Python
By Leonardo Giordani Published on

Recently I found a nasty bug in some Python code due to a misuse of default arguments. If you already know everything about default arguments and just want to laugh at the funny error feel free to jump to the end of the article. Alas, the code was written by me, but I'm pretty sure that day I was replaced by an evil clone of myself. You know, it happens sometimes. =)

This post just summarizes the basics about standard and default arguments in Python functions and warns against possible pitfalls in your code. If you are just approaching Python and started writing functions I warmly recommend checking what the official Python manual says about them at the following links: Defining Functions and More on Defining Functions.

A quick review of functions

Python is a strongly object-oriented language, pushing this programming paradigm to its maximum. But object-oriented programming still relies on the function concept, that is something you can use to process data. Python has a more general concept of callable object, that is every object that can be called, which means applied on some data.

Functions in Python are callable objects and at a first glance they behave the same as functions in other languages. They just get some data, called arguments, process them, and return a result (which is None if no return statement is issued).

Arguments are declared (when the function is defined) as placeholders for actual objects that will be passed when the function will be called. In Python you do not declare the type of an argument (like you do in C or Java, for example) since Python philosophy relies on polymorphism.

Remember that Python variables are references, that is memory addresses of actual variables. This means that Python functions always work like being "passed by address" (using a C/C++ nomenclature). When you call a function you are not copying the value of the arguments to the function placeholders. Instead, you are pointing the placeholder to the variable itself. This has a very important consequence: you may alter the value of the variable from inside the function. A good visual explanation of the reference mechanism in Python is this.

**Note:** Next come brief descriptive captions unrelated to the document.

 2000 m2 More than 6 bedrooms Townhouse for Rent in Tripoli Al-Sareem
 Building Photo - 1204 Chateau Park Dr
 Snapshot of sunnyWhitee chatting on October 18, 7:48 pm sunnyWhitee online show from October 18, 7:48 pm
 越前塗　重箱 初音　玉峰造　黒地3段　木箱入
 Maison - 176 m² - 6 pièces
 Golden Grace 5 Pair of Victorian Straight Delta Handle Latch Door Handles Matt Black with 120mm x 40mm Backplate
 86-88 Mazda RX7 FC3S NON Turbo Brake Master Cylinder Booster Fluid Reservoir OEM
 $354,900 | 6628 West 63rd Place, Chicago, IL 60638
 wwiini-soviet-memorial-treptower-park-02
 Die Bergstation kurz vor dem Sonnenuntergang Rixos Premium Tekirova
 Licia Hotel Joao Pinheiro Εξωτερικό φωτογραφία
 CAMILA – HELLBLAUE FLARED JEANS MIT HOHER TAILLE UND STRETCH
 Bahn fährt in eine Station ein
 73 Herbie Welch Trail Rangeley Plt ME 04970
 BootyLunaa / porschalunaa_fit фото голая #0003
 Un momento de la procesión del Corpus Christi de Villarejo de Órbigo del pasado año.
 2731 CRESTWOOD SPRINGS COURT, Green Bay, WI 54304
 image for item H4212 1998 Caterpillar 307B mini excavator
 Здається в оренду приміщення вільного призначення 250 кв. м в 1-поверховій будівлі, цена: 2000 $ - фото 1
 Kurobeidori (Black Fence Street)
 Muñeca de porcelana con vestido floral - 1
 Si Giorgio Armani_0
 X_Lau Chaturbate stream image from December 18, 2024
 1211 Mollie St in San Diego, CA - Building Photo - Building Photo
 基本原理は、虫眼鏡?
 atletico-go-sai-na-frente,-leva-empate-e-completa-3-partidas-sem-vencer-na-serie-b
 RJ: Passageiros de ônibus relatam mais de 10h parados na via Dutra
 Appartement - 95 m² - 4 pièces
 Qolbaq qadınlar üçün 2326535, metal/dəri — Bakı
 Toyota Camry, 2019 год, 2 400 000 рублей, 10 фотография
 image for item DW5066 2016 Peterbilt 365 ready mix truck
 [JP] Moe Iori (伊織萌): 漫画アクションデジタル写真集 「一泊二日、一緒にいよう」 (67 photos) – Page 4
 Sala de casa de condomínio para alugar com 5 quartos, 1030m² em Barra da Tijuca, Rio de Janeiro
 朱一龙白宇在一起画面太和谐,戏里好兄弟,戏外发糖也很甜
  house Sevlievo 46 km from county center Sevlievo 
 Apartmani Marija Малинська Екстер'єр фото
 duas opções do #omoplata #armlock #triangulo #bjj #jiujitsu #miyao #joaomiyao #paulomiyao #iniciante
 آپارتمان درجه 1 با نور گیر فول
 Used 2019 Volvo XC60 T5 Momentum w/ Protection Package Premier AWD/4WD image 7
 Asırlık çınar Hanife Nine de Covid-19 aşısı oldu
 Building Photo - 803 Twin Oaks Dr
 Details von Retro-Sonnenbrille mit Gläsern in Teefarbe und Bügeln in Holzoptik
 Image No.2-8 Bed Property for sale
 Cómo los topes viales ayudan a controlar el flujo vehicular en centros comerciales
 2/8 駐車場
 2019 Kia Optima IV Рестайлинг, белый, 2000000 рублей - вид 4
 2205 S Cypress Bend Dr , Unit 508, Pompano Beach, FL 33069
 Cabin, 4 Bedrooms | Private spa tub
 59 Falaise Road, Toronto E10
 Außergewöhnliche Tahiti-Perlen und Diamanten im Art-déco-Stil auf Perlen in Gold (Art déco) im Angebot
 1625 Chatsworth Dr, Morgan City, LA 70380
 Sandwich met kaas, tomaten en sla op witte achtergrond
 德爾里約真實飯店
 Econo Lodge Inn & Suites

References play a very big role in Python, being the bare bones of its fully-polymorphic approach. Check this link for a better explanation of this very important subject.

To check your understanding of this basic behaviour of the language try to follow this simple code (where the variable ph stands for "placeholder")

>>> def print_id(ph):
...  print(hex(id(ph)))
... 
>>> a = 5
>>> print(hex(id(a)))
0x84ab460
>>> print_id(a)
0x84ab460
>>> 
>>> def alter_value(ph):
...  ph = ph + 1
...  return ph
... 
>>> b = alter_value(a)
>>> b
6
>>> a
5
>>> hex(id(a))
'0x84ab460'
>>> hex(id(b))
'0x84ab470'
>>> 
>>> def alter_value(ph):
...  ph.append(1)
...  return ph
... 
>>> a = [1,2,3]
>>> b = alter_value(a)
>>> a
[1, 2, 3, 1]
>>> b
[1, 2, 3, 1]
>>> hex(id(a))
'0xb701f72c'
>>> hex(id(b))
'0xb701f72c'
>>>

If you haven't been surprised by what's happening here you already grasped one of the most important things in Python and can safely skip the following explanation.

The print_id() function demonstrates that placeholders inside functions are the very same variable passed at runtime (their memory addresses match).

The two versions of alter_value() are meant to be functions that try to change the value of the passed argument. As you can see the first version of alter_value() does not succeed in changing the value of the variable a, while the second version does. Why? Indeed both act the same, trying to modify the value of the original variable passed, but some types in Python are immutable, and integers are among them. On the other hand, lists are not immutable, so the function does what its name pledges. (here you find more details on immutable types).

There is a lot more to say about functions in Python, but these are the basic bricks about standard arguments.

Default argument values

Every now and then you need to define a function that may accept an argument and shall behave differently whether or not the argument is present. If a language does not provide support for such cases you only have two choices: the first one is to define two different functions and to decide which is the most suitable one to call every time, the second one is to force the presence of the argument, selecting a "null" value that signals that the argument must not be used (such as 0 or None, for example). Both solutions are viable but suboptimal.

Python, like other languages, provides support for default argument values, that is function arguments that can either be specified by the caller or left blank to automatically receive a predefined value.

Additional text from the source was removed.